Il est debout, en uniforme comme toujours, la torsade d’or sur l’épaule. Il ne regarde pas les cent personnes qui sont venues là pour le voir apparaître à heure fixe, comme nos badauds s’arrêtaient jadis au Palais-Royal pour entendre le canon solaire. Il lit des papiers avec attention. Il n’a pas du tout l’air d’être là exprès; on dirait qu’il s’est approché du jour, comme nous ferions, vous et moi, pour mieux voir. À cette distance, c’est au plus un sexagénaire et sa haute taille semble à peine affaissée.

C’est une tradition de la maison que le roi se montre ainsi à son peuple tous les jours. Frédéric le Grand choisissait le moment où il se faisait la barbe : il suspendait à une espagnolette son miroir, et se rasait devant le public. Comédie ! dira-t-on. D’accord, mais c’est une nécessité du métier de souverain que de donner des représentations : celles que donnent les rois de Prusse ne coûtent pas cher.

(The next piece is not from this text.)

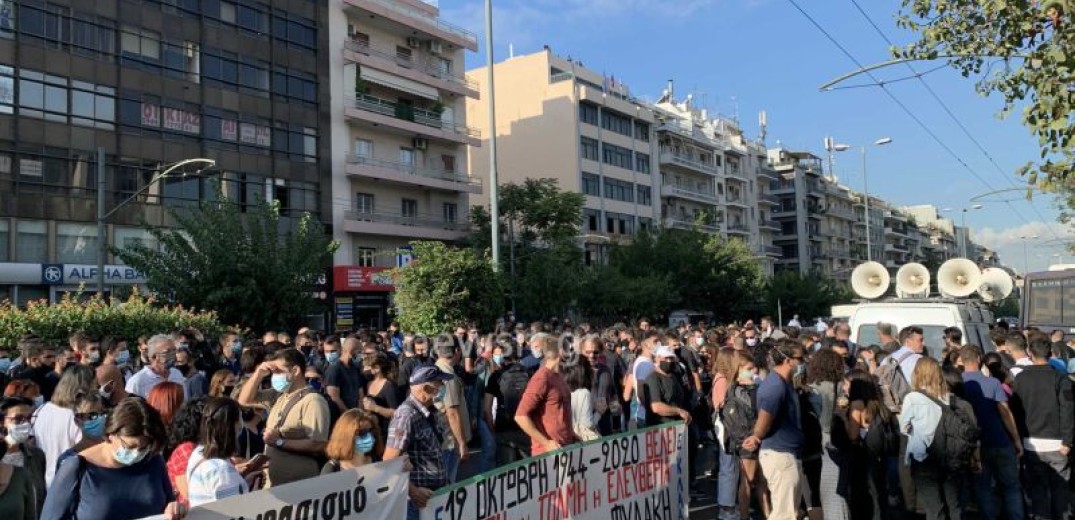 Δίκη Χρυσής Αυγής: Δέκα προσαγωγές ατόμων που πρόσκεινται στη Χρυσή Αυγή - Συγκέντρωση του ΠΑΜΕ έξω από το Εφετείο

L’empereur est dans sa quatre-vingt-neuvième année. Après avoir été l’homme le plus impopulaire de l’Allemagne, il y est aujourd’hui aimé, admiré, vénéré. Même les loyalistes des pays annexés en 1866 concilient avec la fidélité qu’ils gardent à leurs souverains le respect pour l’empereur. Une dame de Hanau me disait un jour qu’elle considérait comme un crime abominable l’annexion de la Hesse-Cassel. Le roi de Prusse étant passé par Hanau en 1869, elle ne voulut point que ses filles figurassent dans le cortège qui se rendait au-devant de lui ; mais, quand le même personnage revint en 1871, ces demoiselles revêtirent leurs robes blanches, passèrent en sautoir le ruban aux trois couleurs allemandes, et les longues tresses sur l’épaule, la corbeille de fleurs en mains, allèrent, avec toutes les jeunes filles de la ville, saluer l’empereur. Leur mère n’avait point oublié pourtant son légitime seigneur, et elle tenait toujours le roi de Prusse pour un usurpateur; mais, au-dessus de son prince exilé comme au-dessus de tous les princes allemands, roi de Prusse compris, elle plaçait l’empereur.